Let $V$ be a real finite-dimensional vector space, and $g$ and inner product on $V$. $g$ induces a concept of "adjoint map" , i.e. a linear map $\text{Hom}(V,V) \to \text{Hom}(V,V)$ given by $S \to S^T$, where $S^T$ is defined by requiring
$$ g(Sx,y)=g(x,S^Ty).$$
Now, suppose that $h:V \times V \to \mathbb{R}$ is a symmetric bilinear map on $V$, satisfying $$ h(Sx,y)=h(x,S^Ty), \tag{1}$$ for every $S \in \text{Hom}(V,V)$ and $x,y \in V$.
Is it true that $h=\lambda g$ for some $\lambda \in \mathbb{R}$?
We can think of $g$ as an isomorphism $g:V \to V^*$. In that case $S^T:V \to V$ is obtained from the dual map $S:V^* \to V^*$, via $S^T=g^{-1}\circ S^* \circ g$. If $h$ is also non-degenerate, then condition $(1)$ implies that the "transpose map" w.r.t $h$ is the same as w.r.t $g$, i.e. $$ h^{-1}\circ S^* \circ h=S^T_h =S^T_g=g^{-1}\circ S^* \circ g,$$
i.e. conjugations by $h,g$ are the same. Does that forces $h=\lambda g$?
I do not assume that $h$ is positive or non-degenerate. (In particular, I am allowing $h=0$). However, we can prove that if $h$ is non-zero then it is non-degenerate: Suppose that $h(x,y)=0$ for every $y$. Then, $0=h(x,S^Ty)=h(Sx,y)$ for every $y$. If $x \neq 0$ then $Sx$ can be chosen to an arbitrary vector in $V$, which forces $h=0$.
The answer is positive.
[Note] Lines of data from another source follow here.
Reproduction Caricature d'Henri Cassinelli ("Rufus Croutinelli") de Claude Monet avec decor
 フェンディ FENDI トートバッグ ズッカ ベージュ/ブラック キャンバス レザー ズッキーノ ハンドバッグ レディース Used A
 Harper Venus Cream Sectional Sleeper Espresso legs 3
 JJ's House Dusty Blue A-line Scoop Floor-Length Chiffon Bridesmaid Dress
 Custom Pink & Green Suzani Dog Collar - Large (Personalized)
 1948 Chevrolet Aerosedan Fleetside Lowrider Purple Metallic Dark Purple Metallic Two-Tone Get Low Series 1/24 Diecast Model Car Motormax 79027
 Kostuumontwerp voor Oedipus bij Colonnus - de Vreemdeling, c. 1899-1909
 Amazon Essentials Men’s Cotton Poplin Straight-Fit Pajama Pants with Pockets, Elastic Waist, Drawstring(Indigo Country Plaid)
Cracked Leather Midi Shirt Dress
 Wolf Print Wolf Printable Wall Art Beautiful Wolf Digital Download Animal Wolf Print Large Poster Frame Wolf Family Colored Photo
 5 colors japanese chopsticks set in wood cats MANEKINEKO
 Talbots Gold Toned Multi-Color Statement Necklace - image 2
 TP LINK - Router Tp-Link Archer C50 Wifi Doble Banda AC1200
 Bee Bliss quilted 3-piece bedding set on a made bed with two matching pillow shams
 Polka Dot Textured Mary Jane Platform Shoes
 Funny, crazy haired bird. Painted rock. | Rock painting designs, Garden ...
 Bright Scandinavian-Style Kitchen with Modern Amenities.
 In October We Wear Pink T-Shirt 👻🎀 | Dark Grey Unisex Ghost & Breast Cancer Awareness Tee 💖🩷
As mentioned in the question, an equivalent reformulation of the question is the following:
If $A^{-1}XA=B^{-1}XB$ for every $X$ ($A,B,X$ are real $n \times n$ matrices) then $A=\lambda B$. Indeed, we have $XAB^{-1}=AB^{-1}X$, so $C=AB^{-1}$ commutes with every matrix $X$, hence it must be a scalar multiple of the identity.